Running Time: 106 minutes

UK Certificate: 15

Opening with brash alpha-male Roger Swanson (Campbell Scott) lecturing his white-collar colleagues about the imminent obsolescence of the male species, ‘Roger Dodger’ is about one man’s terrible defeat in the battle between the sexes. The day after Roger is dumped by his girlfriend (and boss) Joyce (Isabella Rossellini), he receives a surprise visit from his teenage nephew Nick (Jesse Eisenberg), who wants his playboy uncle to teach him about girls, sex and love. That evening, their sexual odyssey from a Manhattan bar to a party at Joyce’s to a basement brothel reveals a child-like instructor who has a lot to learn from his inexperienced pupil.

From ‘Gigi’ to ‘The Last Detail’, from ‘Star Wars’ to ‘Wall Street’, from Training Day to just about any recent Al Pacino vehicle (‘Scent of a Woman’, ‘Donnie Brasco’, ‘The Devil’s Advocate’, The Recruit), storylines which involve a young man’s initiation at the hands of an older father figure into the ways of the world have proven irresistible to filmmakers, combining elements of Oedipal conflict, the crisis of masculinity and the generational gap in a neat coming-of-age package. What makes ‘Roger Dodger’ hold its own is the razor-sharp script by Dylan Kidd (who also directs for the first time), and the decision to focus more on the fall of the rakish teacher than the rise of his student – even if in the end it turns back to Nick and the question of whether he is an alternative model of man, or just another Roger-in-waiting.

Roger’s determination to ‘go down swinging’ makes him a strangely sympathetic monster. In scenes that will have you cringing in your seat, he cruelly dissects women’s characters to their faces, and yet barely concealed behind his fast-talking misogynistic swagger is the much deeper vulnerability, fear and self-loathing of a man approaching his middle age who has been brought to the bitter realisation that he has neither friends, nor partner nor family to love him. Campbell Scott gives a phenomenal performance, making Roger’s complex malevolence something tangible and tragic. Jesse Eisenberg conveys with ease Nick’s awkward lust and essential decency – and Elizabeth Berkley and Jennifer Beals are superb as Andrea and Sophie, two women targeted by Roger in the bar who prove to be more than a match for him, and who provide Nick with valuable supplementary material to Roger’s lessons in sex.
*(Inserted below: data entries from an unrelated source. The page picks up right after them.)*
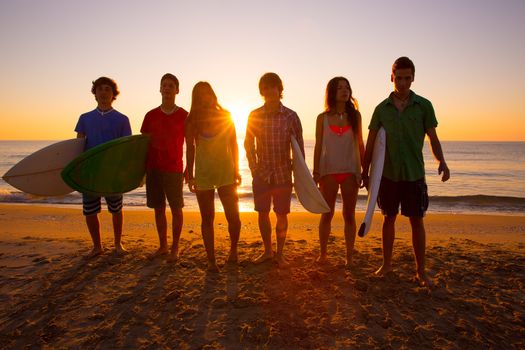 Surfers teen boys and girls group walking on beach at sunshine sunset backlight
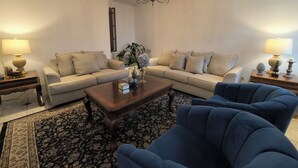 A living room with two sofas, a coffee table, and a blue armchair. There are lamps on side tables, a chandelier, and a patterned rug. - Aurora Express (Guatemala City)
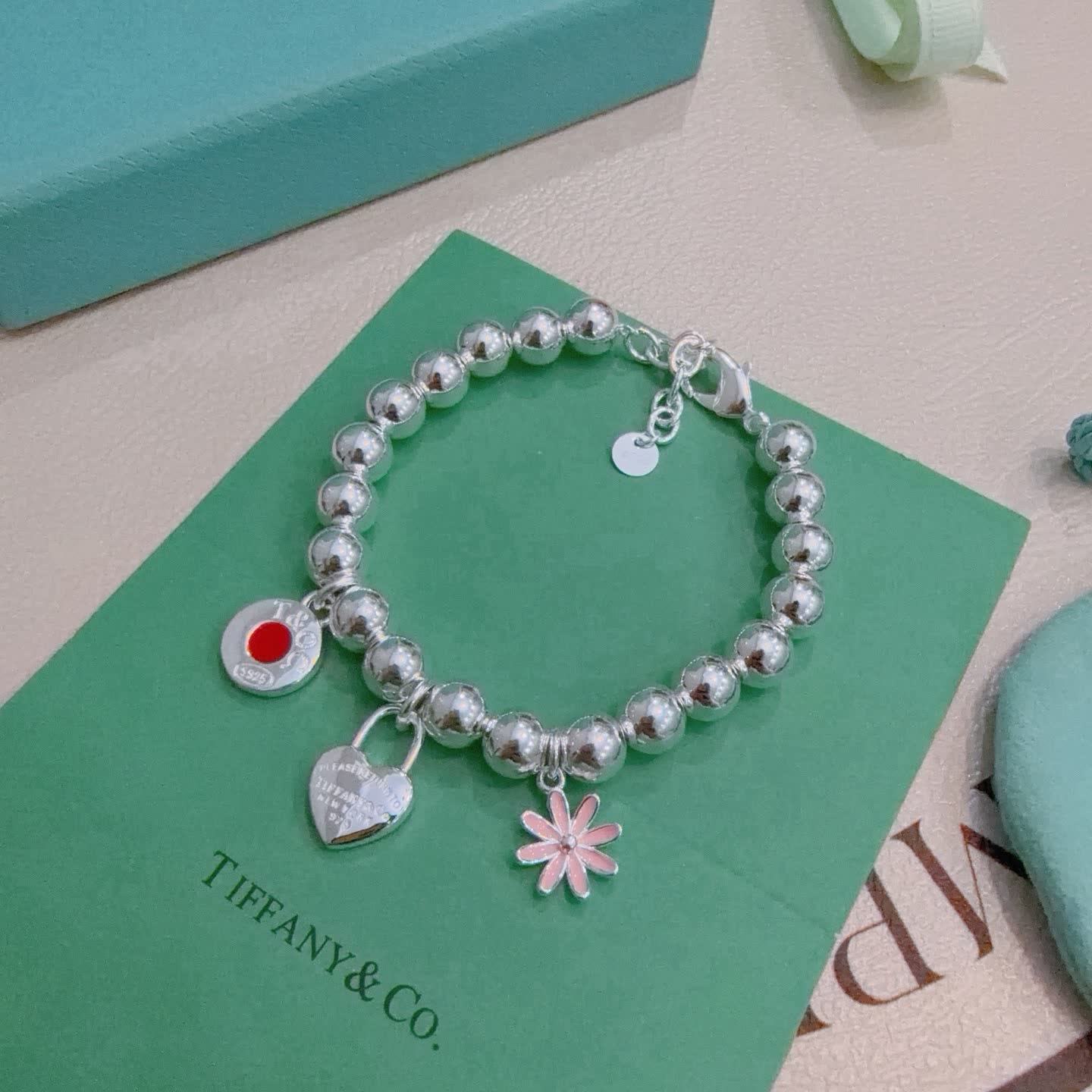 Tiffany & Co. Sterling Silver Bead Bracelet with Lock and Flower Charms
Roger Swanson’s swansong is full of cruelty, pain, despair and rancour, making ‘Roger Dodger’ a sophisticated comedy as black as bile. This remarkably mature piece of film-making suggests that independent cinema has a new Kidd on the block.

It's Got: Clever, snappy dialogue, superb acting, and a central character who is deliciously odious.

It Needs: A girlfriend.


Roger's long dark night of the soul reveals a character whose deep flaws prove that those who can't, teach, making him compulsively watchable and excruciatingly entertaining. Highly recommended, except to any male having a midlife crisis.